Beefeater 24 targets ‘cocktail culture’

Spirits consumers are trading up: the launch of the new premium spirit from Corby Distilleries is promoted through branded parties, a print and OOH buy.

Sales of ordinary gin seem to be declining, but consumers are developing a taste for the more expensive stuff, says Dominic Kreutzner, brand manager, Corby Distilleries Ltd., which this month introduced Beefeater 24, a premium spirit, to the Canadian market.

‘Super premium gin in Canada is growing at 5.6% while regular premium gin is on what looks to be a decline,’ Kreutzner says. ‘What we’re finding is that consumers are drinking less, but better.’

To support the launch, Beefeater 24 last week threw a party called Tea Salon, attended by about 400 of Toronto’s trendy urbanites and media professionals. The party included a fire act, ballet performers and a woman wearing a red carpet as a dress – the aim, explains Kreutzner, was to raise brand awareness and recruit a young consumer aged 25 to 40.
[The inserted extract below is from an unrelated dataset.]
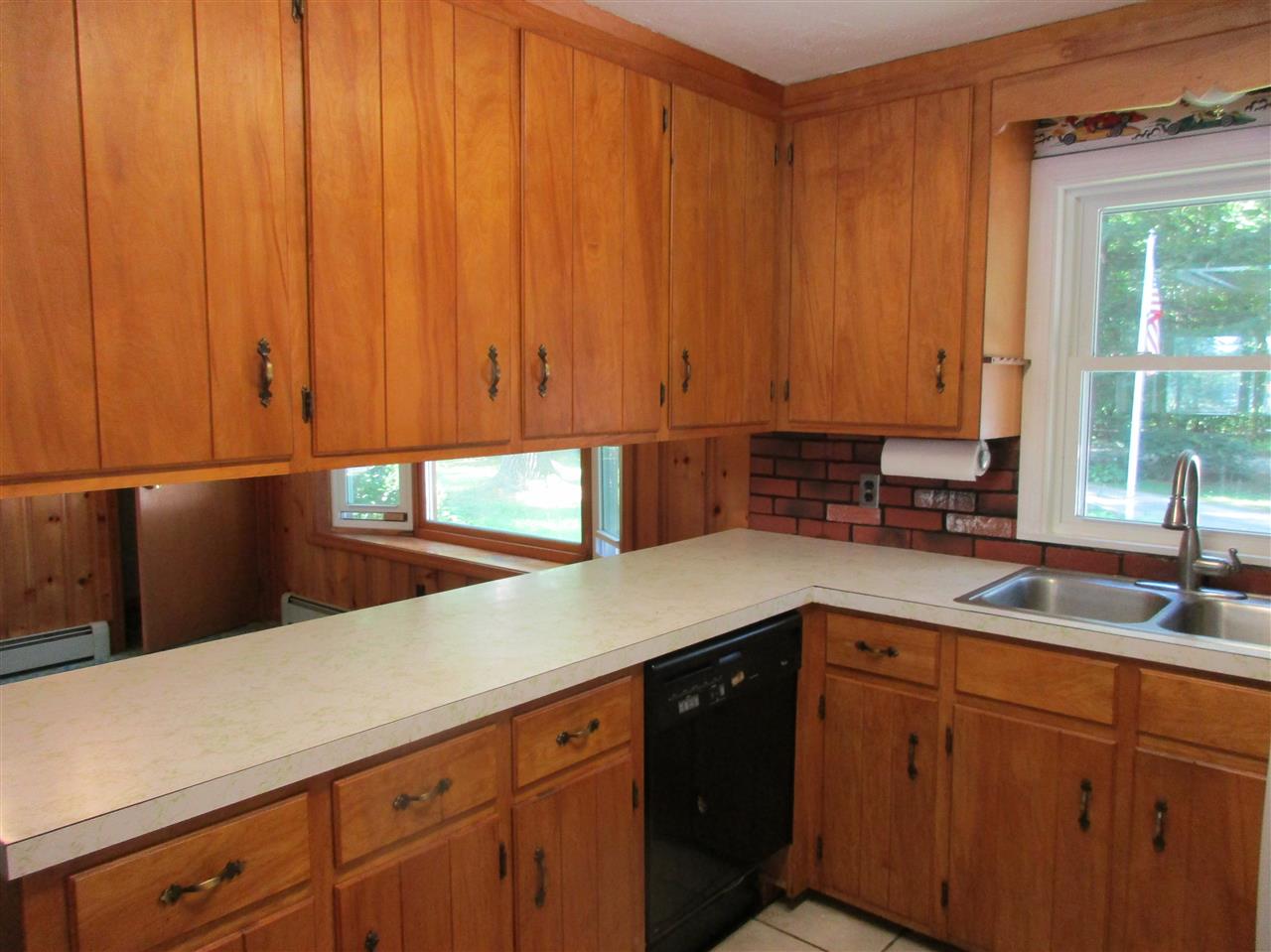 47 Andrews Road Tilton, NH 03276 - Photo 11 of 29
‘We’re really focusing on Toronto, Montreal and Vancouver, where there is a bit of a cocktail culture emerging,’ he says. Other media promoting the launch arranged by Carat includes OOH billboards, radio and ads in the Toronto Star and Metro daily newspapers.

But engaging bartenders and customers on-premise while establishing credibility is still a priority for a new product, he explains. This is why they’re extending the Tea Salon parties to Vancouver and Montreal later this year. Such events will also help Beefeater 24 stand out from other premium gins that have recently entered the market, including Victoria Gin, Tanqueray No. 10 and Hendricks, which Kreutzner considers key competitors in this market.

‘We measure our success by the growth of volume in the LCBO,’ says Kreutzner. And while it’s too early to release sales figures, he says the Ontario store has ordered more of the drink from the U.K., where the gin is distilled after a 24-hour steeping process, hence the name.